# Free pattern every Thursday



## Madjesty (Jul 26, 2012)

Hi if you haven't already joined fiesta yarns you should check them out.
You have to give your email address, but you get a free pattern link in your inbox every Thursday, some of them are really nice. You also get emails on yarn discounts. No spam that I'm aware of I'm with them for a few weeks.

http://www.fiestayarns.com/


----------



## patocenizo (Jun 24, 2011)

Thanks,


----------



## dwr (Jun 16, 2011)

Thanks, Madjesty. Looks like a cool website.
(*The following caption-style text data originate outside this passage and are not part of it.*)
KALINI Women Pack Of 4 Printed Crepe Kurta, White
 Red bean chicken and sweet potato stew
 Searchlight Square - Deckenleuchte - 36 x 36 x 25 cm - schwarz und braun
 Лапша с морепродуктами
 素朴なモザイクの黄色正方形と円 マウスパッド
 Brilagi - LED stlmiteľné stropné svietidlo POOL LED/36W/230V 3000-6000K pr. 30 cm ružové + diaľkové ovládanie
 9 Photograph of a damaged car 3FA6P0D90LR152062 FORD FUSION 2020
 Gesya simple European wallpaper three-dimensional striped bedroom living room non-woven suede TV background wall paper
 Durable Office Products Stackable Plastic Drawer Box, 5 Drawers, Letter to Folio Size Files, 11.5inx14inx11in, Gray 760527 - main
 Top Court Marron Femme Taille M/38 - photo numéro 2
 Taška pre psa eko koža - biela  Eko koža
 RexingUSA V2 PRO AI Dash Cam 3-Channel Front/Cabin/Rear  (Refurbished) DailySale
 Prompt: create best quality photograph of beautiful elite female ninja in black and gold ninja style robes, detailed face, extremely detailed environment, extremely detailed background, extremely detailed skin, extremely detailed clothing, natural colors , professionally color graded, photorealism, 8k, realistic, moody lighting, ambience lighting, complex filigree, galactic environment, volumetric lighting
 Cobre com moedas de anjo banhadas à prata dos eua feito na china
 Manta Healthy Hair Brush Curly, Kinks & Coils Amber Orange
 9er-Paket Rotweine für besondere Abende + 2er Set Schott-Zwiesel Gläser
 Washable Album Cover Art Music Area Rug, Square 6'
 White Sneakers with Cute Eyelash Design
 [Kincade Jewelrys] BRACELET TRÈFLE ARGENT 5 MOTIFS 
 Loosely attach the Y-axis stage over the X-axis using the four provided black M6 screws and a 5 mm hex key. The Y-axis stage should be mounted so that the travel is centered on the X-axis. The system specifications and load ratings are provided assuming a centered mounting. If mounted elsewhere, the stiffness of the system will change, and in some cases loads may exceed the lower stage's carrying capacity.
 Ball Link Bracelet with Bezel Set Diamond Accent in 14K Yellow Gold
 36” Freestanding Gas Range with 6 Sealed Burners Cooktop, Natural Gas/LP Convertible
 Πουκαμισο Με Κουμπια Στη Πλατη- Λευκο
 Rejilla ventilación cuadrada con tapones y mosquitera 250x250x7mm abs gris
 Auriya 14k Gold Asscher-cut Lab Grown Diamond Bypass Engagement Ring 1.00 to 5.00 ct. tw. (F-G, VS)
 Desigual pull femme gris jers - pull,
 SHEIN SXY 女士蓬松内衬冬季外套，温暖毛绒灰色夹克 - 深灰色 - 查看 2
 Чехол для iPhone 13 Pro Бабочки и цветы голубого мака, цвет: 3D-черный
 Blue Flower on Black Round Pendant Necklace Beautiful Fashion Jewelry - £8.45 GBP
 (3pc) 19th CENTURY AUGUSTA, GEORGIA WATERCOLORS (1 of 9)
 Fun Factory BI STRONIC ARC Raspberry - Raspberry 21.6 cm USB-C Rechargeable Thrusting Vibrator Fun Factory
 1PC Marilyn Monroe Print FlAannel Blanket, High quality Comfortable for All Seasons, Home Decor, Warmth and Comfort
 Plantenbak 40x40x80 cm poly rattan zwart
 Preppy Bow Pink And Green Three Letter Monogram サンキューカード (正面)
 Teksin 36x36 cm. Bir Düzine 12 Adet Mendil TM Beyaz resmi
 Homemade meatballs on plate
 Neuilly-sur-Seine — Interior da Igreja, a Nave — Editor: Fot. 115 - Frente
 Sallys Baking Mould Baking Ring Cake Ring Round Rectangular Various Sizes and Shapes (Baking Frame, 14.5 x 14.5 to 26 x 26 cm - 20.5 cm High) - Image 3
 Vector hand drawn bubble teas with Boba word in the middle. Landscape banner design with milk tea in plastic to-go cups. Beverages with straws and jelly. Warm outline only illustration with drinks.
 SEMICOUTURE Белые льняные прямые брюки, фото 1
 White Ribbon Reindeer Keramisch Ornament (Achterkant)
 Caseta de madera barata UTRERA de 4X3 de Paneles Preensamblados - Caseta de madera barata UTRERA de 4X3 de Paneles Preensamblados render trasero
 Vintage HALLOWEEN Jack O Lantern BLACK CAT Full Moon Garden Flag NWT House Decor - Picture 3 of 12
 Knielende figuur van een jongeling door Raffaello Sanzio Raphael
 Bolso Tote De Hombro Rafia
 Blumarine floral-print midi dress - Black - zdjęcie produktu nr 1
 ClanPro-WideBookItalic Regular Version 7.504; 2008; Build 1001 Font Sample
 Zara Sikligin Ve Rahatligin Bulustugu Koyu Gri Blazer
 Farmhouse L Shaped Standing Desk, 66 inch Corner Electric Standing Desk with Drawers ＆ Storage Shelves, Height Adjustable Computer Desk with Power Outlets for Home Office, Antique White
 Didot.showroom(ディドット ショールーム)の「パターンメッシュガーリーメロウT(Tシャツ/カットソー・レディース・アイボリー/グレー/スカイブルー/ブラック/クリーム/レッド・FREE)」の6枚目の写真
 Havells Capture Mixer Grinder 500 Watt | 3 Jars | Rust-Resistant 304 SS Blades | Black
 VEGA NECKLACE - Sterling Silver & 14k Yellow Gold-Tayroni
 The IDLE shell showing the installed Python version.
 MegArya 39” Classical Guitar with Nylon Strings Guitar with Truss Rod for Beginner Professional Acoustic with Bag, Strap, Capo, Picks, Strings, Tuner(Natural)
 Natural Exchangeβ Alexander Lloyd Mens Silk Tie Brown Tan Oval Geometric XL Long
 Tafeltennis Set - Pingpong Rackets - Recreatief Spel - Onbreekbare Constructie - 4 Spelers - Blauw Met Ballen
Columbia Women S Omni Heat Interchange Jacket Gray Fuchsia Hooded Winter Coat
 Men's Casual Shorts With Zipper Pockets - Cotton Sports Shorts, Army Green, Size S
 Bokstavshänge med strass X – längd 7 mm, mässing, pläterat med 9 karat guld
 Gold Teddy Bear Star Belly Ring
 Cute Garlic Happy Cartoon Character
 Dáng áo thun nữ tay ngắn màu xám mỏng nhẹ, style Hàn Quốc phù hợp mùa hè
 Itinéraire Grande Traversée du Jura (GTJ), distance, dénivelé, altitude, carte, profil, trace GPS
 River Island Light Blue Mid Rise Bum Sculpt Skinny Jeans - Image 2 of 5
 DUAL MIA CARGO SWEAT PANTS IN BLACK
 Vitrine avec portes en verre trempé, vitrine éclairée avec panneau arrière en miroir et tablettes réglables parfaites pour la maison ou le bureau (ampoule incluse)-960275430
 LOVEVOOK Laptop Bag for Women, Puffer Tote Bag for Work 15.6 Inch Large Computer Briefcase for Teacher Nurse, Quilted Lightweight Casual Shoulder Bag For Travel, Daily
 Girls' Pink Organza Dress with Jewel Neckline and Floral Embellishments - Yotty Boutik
I'll have to look through it later today.


----------



## sheila kay (Jan 2, 2013)

thanks for the link, off to have a look now

Sheila


----------



## 3mom (Apr 20, 2011)

http://www.fiestayarns.com/


----------



## 3mom (Apr 20, 2011)

http://www.fiestayarns.com/


----------



## jinx (Feb 12, 2011)

Thanks you for the link. I signed up. I love free patterns. Don't we all? BTW Leisure Arts has free patterns on Friday. This is the pattern I would love to buy. However, it is a bit pricey for me. I will have to think more about it. 
http://fiestayarns.com/store/items/view/1797/la_boheme_cape/
http://www.leisurearts.com/newsletters/


----------



## Madjesty (Jul 26, 2012)

jinx said:


> Thanks you for the link. I signed up. I love free patterns. Don't we all? BTW Leisure Arts has free patterns on Friday. This is the pattern I would love to buy. However, it is a bit pricey for me. I will have to think more about it.
> http://fiestayarns.com/store/items/view/1797/la_boheme_cape/
> http://www.leisurearts.com/newsletters/


Thanks for the link I'm signing up with them too, I love getting the surprise of a free pattern. I know there are thousands of them online too but this is fun.


----------



## Madjesty (Jul 26, 2012)

3mom said:


> http://www.fiestayarns.com/


Thanks for putting up the link I did it incorrectly


----------



## cindylou37 (Aug 10, 2012)

Awesome, thank you...my hubby teases me about how many patterns I've printed out. I told him I'll find time to make them all when I'm old and gray!


----------



## vayankee (May 5, 2011)

Thanks for the link - I just _had_ to sign up, lol!


----------



## SarahRussell (Jun 14, 2011)

I signed up too. Thanks!


----------



## Bonidale (Mar 26, 2011)

Thanks for that link!


----------



## tammyc77 (Apr 7, 2012)

Nice - thank you!


----------



## MacRae (Dec 3, 2011)

Thanks such bright and cheerful colors.


----------



## xenabobb (Sep 6, 2011)

Thank you! I have signed up.


----------



## hoodedmaiden60 (Mar 16, 2011)

Beautifull patterns they have but my comp[uter doesnt like them,, i have a terrible time downloading them... ahh well


Susie


----------



## linda6200 (Oct 11, 2011)

Wow! Thanks for the tip and the link!


----------



## dandylion (May 31, 2011)

Thanks, It looks great.


----------



## Janeb (Sep 18, 2012)

Thank you for the link.i have just signed up.


----------